As the next topic, Leading at the Speed of Trust, was about to unfold, the speaker talked about water. She described how essential water is to everything that water has been associated with life. Just the presence of it was enough to make everything flourish and grow. She likened trust to it. Without it, everything would just decay and rot and eventually die. How do we approach this? We start with ourselves.
If leaders don’t even trust themselves, how would you expect them to trust others? Remember that there’s a difference between trust and being dependent. This covered a more specific part of the whole person, the spirit. The way to approach this was trust and emphasized that this was essential in approaching the other three – the mind, body, and heart. The speaker then compared a company that worked with a trust-filled environment to a company that worked under the veil of deceit and corruption. Deceit and corruption obviously has little to no trust existing at all which affects the company performance. Since the people are working for their own benefits, they would lose motivation to even work at all. This would highly affect the speed that a work is done. With the lowered speed of processes, costs would pile up in an attempt to counter the dilemma. On the other hand, trust would have smooth person-to-person communication, and even to person-to-company and vice versa. With a smooth and clear communications, everything else will also be cleared, understood and acted upon by both sides. The speed of processes improves by a margin and with that, costs take a huge drop. In this topic, they are labelled as trust tax and trust dividend, respectively.
Of course, building this value up isn’t that easy and does not occur overnight, or even after a week. Steps, understanding, awareness, and procedures are to be set up first and that’s what the topic explained. The speaker emphasized on how trust builds up from the self and ripples to other people up to the point of affecting everyone. A high-trust culture will always have these two: credibility and the behavior of the people.

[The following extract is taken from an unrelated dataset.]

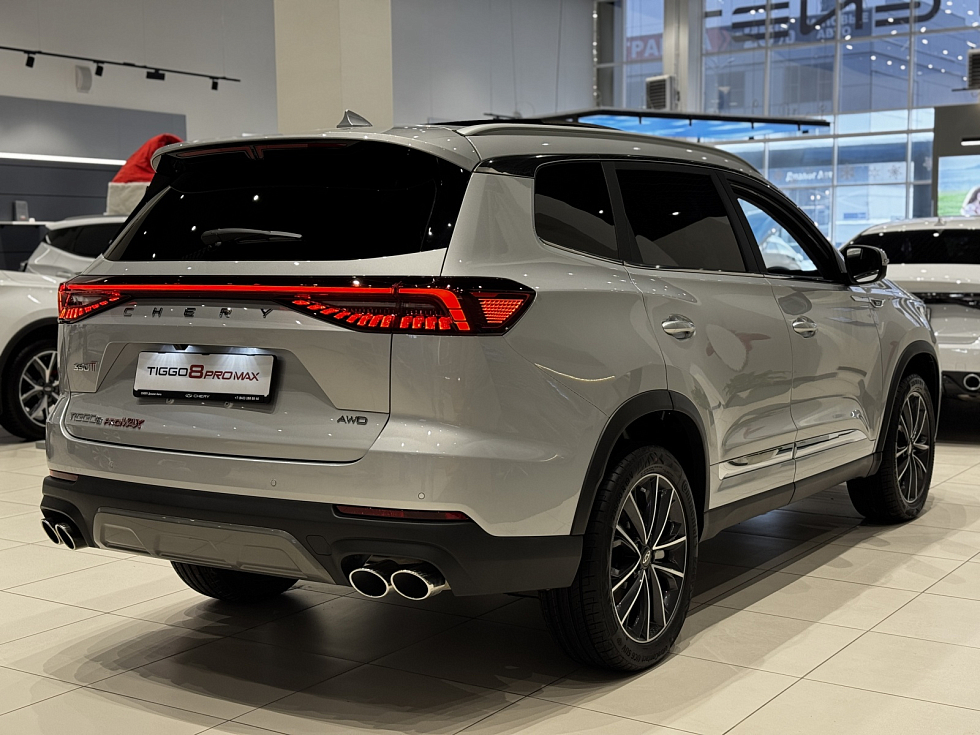 Chery Tiggo 8 Pro Max Ultimate 4WD, серебряный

The topic also managed to talk about it, but not that detailed since the time allotted wouldn’t be enough. The thing is, with trust built upon everyone, leaders would be able to better manage change and lead high-performing teams that are agile, collaborative, innovative, and engaged. As what Stephen M. R. Covey, author of The Speed of Trust and son of Stephen R. Covey, said, “The ability to establish, grow, extend, and restore trust with all stakeholders – customers, suppliers, and employees – is the critical leadership competency in the global economy.”
After the seminar, here is what Kevin has to say:
“After the two topics were discussed and going back to the present while looking towards what’s ahead, I would say the crisis is real. There is so much focus on the systems and income that more important things are being neglected. On the leaders’ side, people aren’t being brought up to their highest contributing potential which has resulted to many struggles. Of course the people are highly affected as well, since they would be jumping from job to job. The worst thing would be, they are left to feel that they are undervalued and incompetent and not to realize that they have so much to offer.”

The question remains, how will we do it?

Note: Contributed by Kevin Johnrey Sosas, one of the leaders at CTFN.